Context-Mode -> Necessary for Cursor?

Hello, I have recently noticed a quick rising project that apparently saves around 90% of context window by using some technical mastery (I dont understand).

I heard some IDEs do not need this as they do similar optimizations by default, but on the project’s github page it says it is useful for Cursor.

Is this something Cursor could integrate internally?

By the way, I am not affiliated with this tool or project, just looks interesting?

Github page: GitHub - mksglu/context-mode: MCP is the protocol for tool access. We're the virtualization layer for context. · GitHub
Showcase video: https://www.youtube.com/watch?v=QUHrntlfPo4

Hi! This looks like a really interesting approach. Virtualizing tool outputs and only passing summaries or retrieved snippets to the model seems especially useful for large outputs like logs, API responses, or browser snapshots.

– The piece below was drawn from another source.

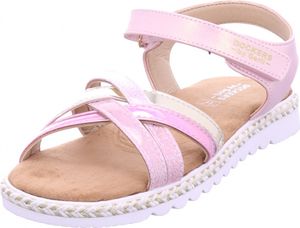 Dockers by Gerli  Kinderschuhe Mädchen Sandaletten Rosa Freizeit, Schuhgröße:32 EU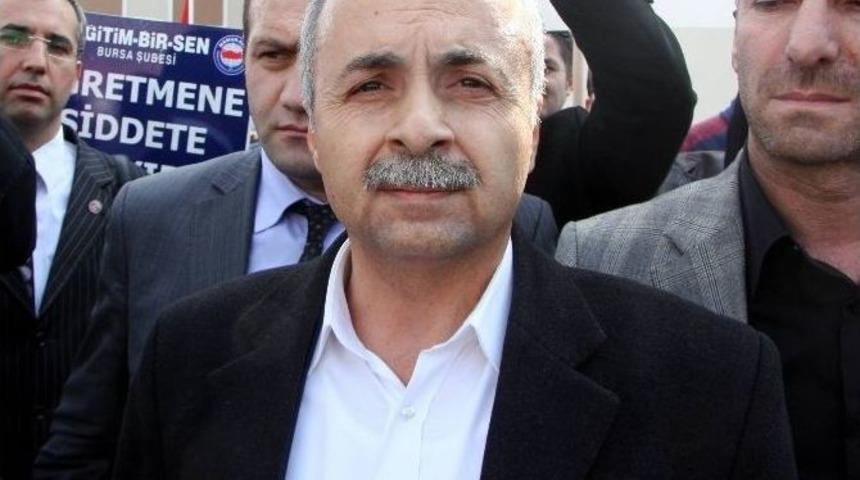 &Ouml;ğretmenlerden Dayak Eylemi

From what I understand, Cursor already applies context optimizations (file chunking, semantic retrieval, truncation of large outputs), but this seems different since tool outputs become a searchable external memory rather than being injected into the prompt.

Do you think something like this could eventually be integrated directly into IDE agents like Cursor? And are there cases where this approach significantly outperforms the current retrieval/context-management strategies?

It feels a bit like applying a RAG layer specifically to tool outputs instead of the codebase itself.